Etre en retard, est-ce si grave ?
La vie aime me donner des leçons. Et des fois, elles sont un peu nulles, je ne vous cache pas. Mais si ça peut me servir de base pour un article, je prends. Si je devais résumer ma vie, je dirais que la vingtaine et la trentaine m’ont aidé à construire une personnalité, la quarantaine me sert à la déconstruire. Enfin, déconstruire ce qui me fait du tort, plus précisément. Vider mon placard à anxiétés, en gros. Et récemment, la vie m’en a mis une sous le nez qui, je me rends compte, peut me causer du tort : mon angoisse limite maladive d’être en retard.
On ne gère pas toujours son temps
J’ai déjà parlé du bonheur d’être en avance et je maintiens. Quand je suis en avance le matin pour le boulot, par exemple, ça me permet de descendre un ou deux arrêts de tram plus tôt et de me faire une petite balade, seule avec mes pensées. La marche pré-boulot, je vous jure que c’est la vie. Mais on ne peut pas toujours avoir le luxe d’être en avance, non plus. Parfois, on sera juste à l’heure.
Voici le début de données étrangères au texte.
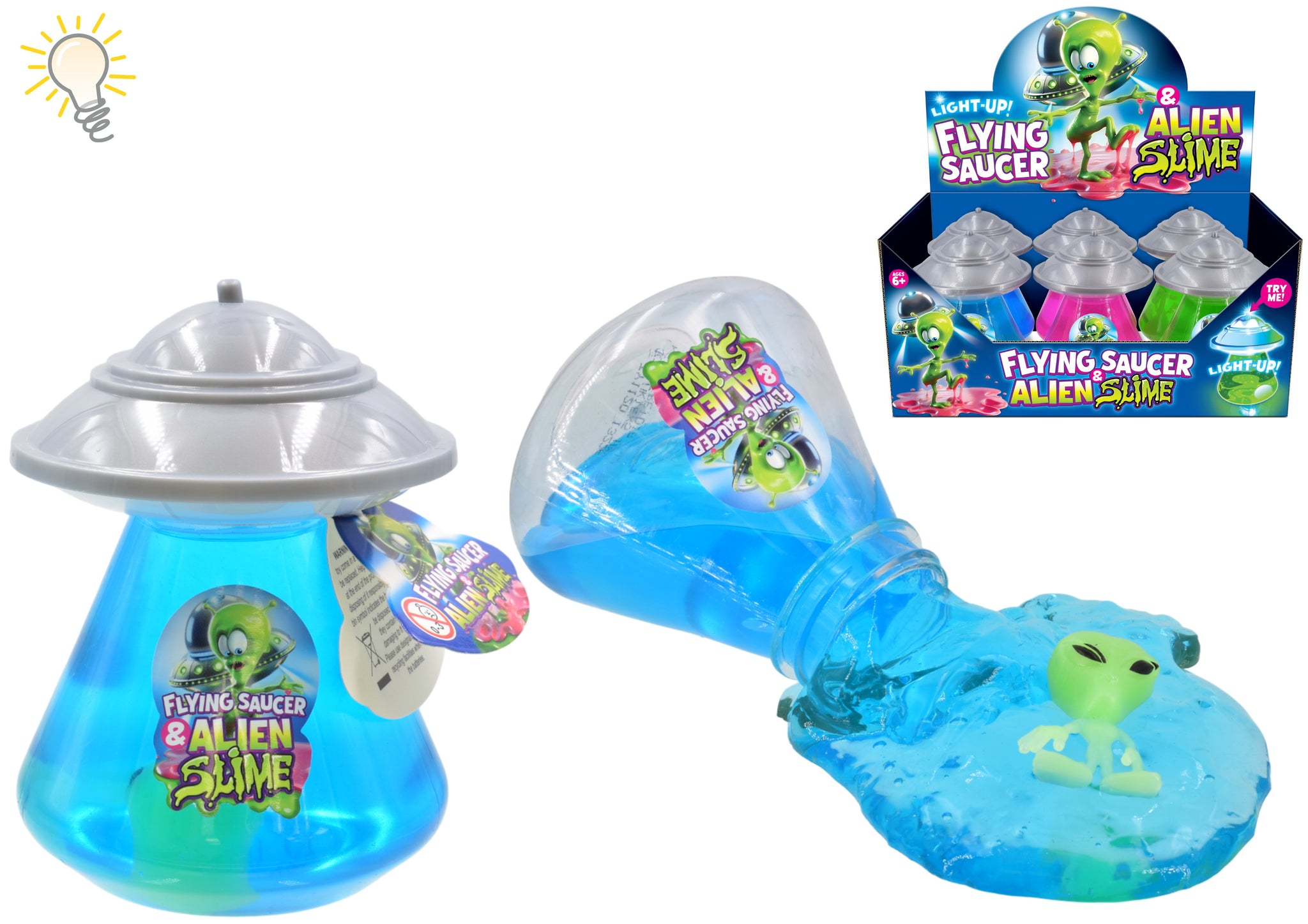 LIGHT UP FLYING SAUCER WITH ALIEN SLIME POT 190GM. TY1120 \\\KD31669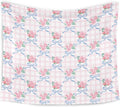 WARDOS Coquette Blue Bow Tapestry, Coquette Room Decor, Preppy Pink Rose Floral Tapestry, Cute Preppy Room Decor Teen Girls, Girly Bedroom Decor, Coquette Stuff, 50x60 Inch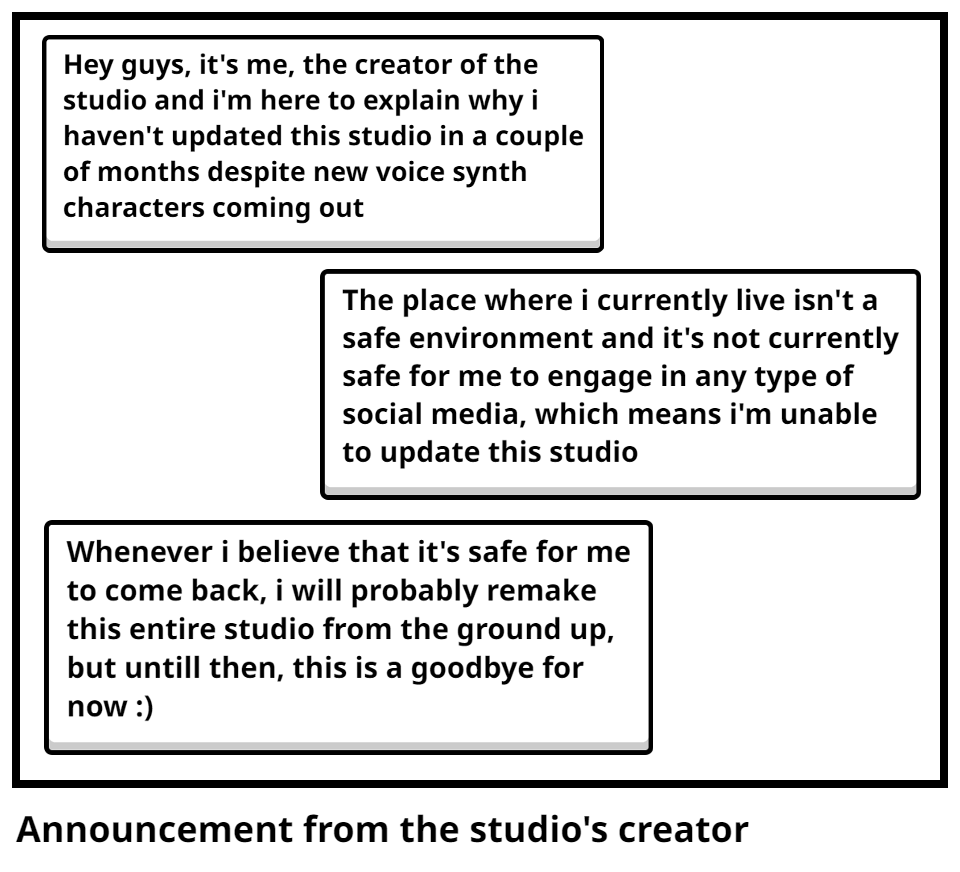 Announcement from the studio's creator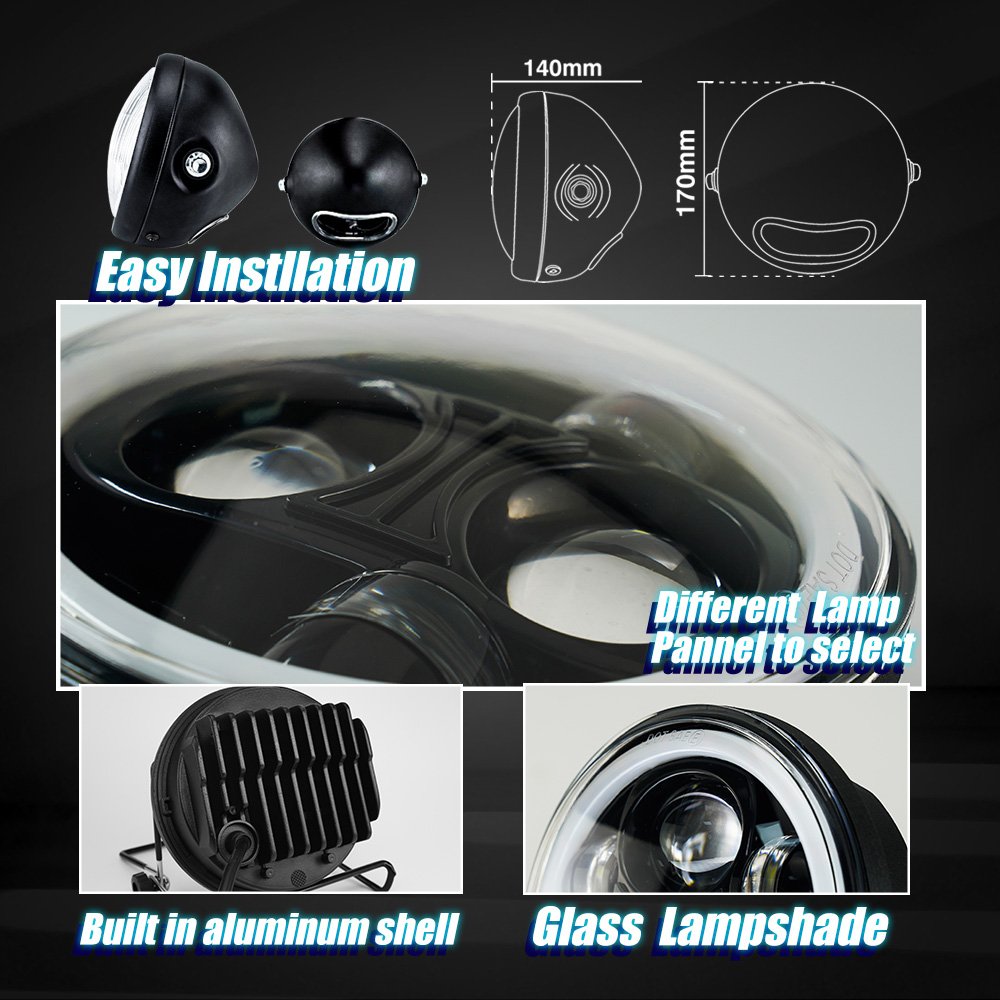 MOTOLED Motorcycle Headlight Assembly 5.75 Inch Round Classic Projector Lens for Gn125 Cg125 Ct100 Led Accessories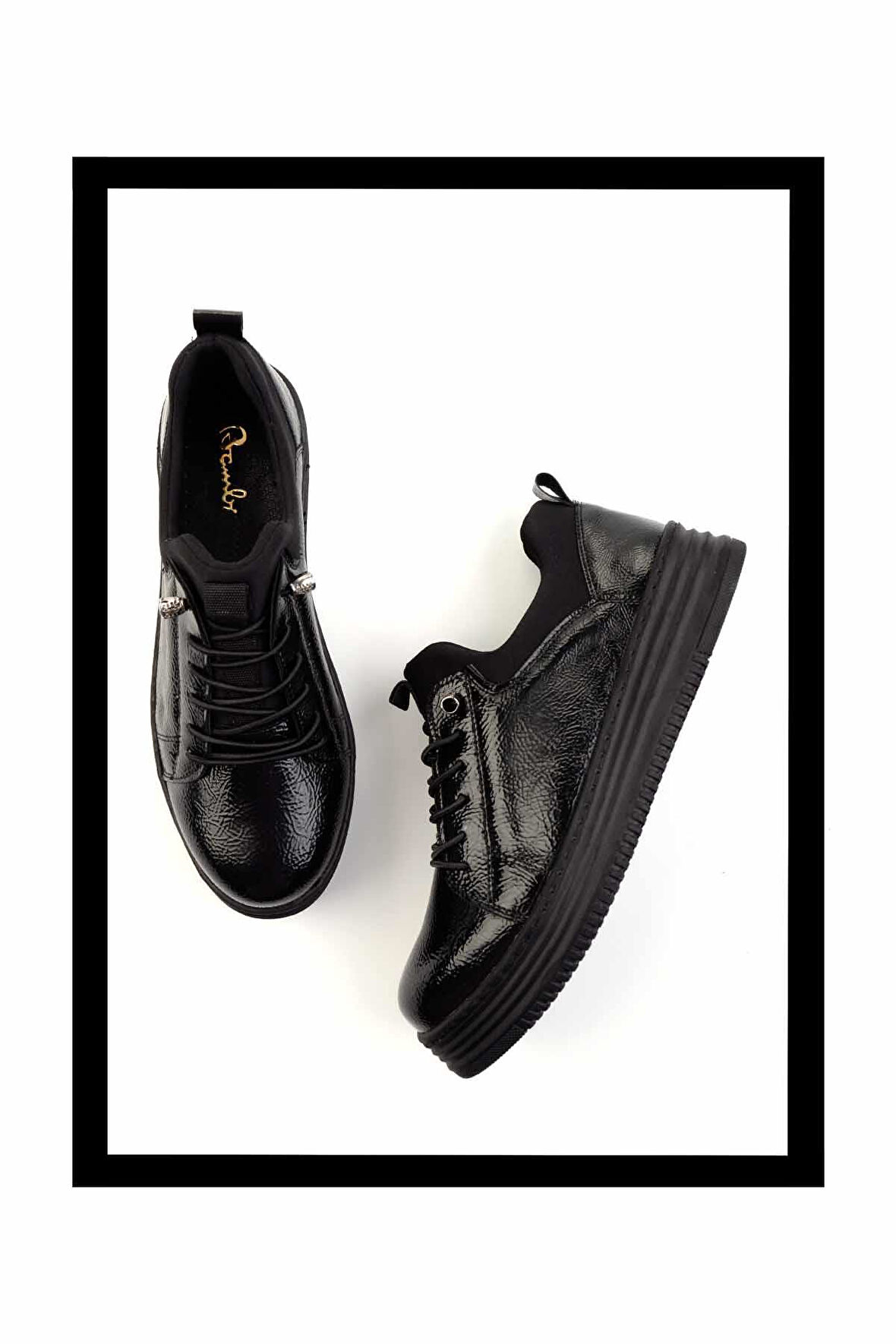 Siyah Kırışık Rugan  Kadın Casual Ayakkabı K01586086108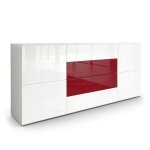 Vladon buffet dressoir rova en blanc mat - blanc haute brillance - bordeaux haute brillance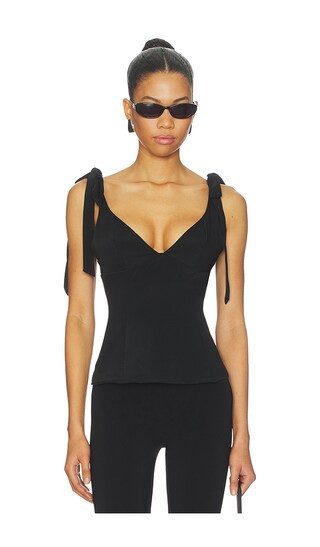 MORE TO COME Brixley Deep V Top in Black. - size S | Revolve Clothing (Global)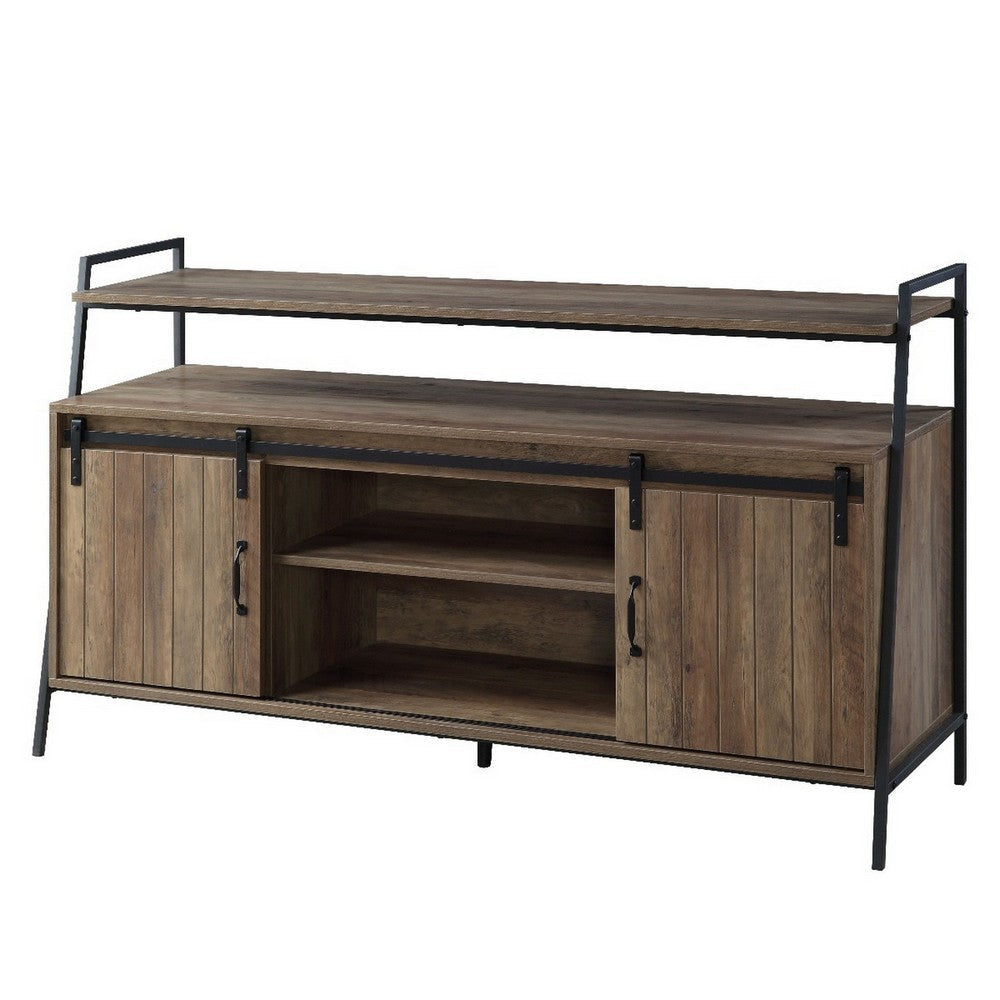 TV Stand with 2 Sliding Barn Doors and Tubular Frame, Oak Brown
Et oui, le retard peut être préjudiciable mais il faut un peu se calmer. Déjà, on ne gère pas tous les impondérables et ensuite, on peut ne pas être à trois minutes près. Et on note également qu’arriver à l’heure, ce n’est pas être en retard.
Un téléphone noyé
Pourquoi je parle de ça ? Suite à deux histoires. Mardi 31 octobre, je dois me rendre chez le doc. Je me prépare à partir et au dernier moment, je décide de passer aux toilettes par prudence. Il ne me reste que deux minutes mais… Je baisse mon pantalon et plouf. Quoi plouf ? Interloquée, je me retourne et…qui qui gît au fond des toilettes, presque entièrement immergé ? Mon téléphone bien sûr. Bon, bref, comme j’ai dû partir, il a attendu un peu pour son bain de riz mais il a fini par décéder quand même. Blam, 265 balles de gaspillés dans l’achat d’un nouveau smartphone. Oui, je ne suis pas de ces pigeonnes qui mettent un smic dans un téléphone. Je m’en sers juste pour faire des photos de mes chats et jouer au sudoku donc bon… Mais je n’avais pas prévu cette dépense-là.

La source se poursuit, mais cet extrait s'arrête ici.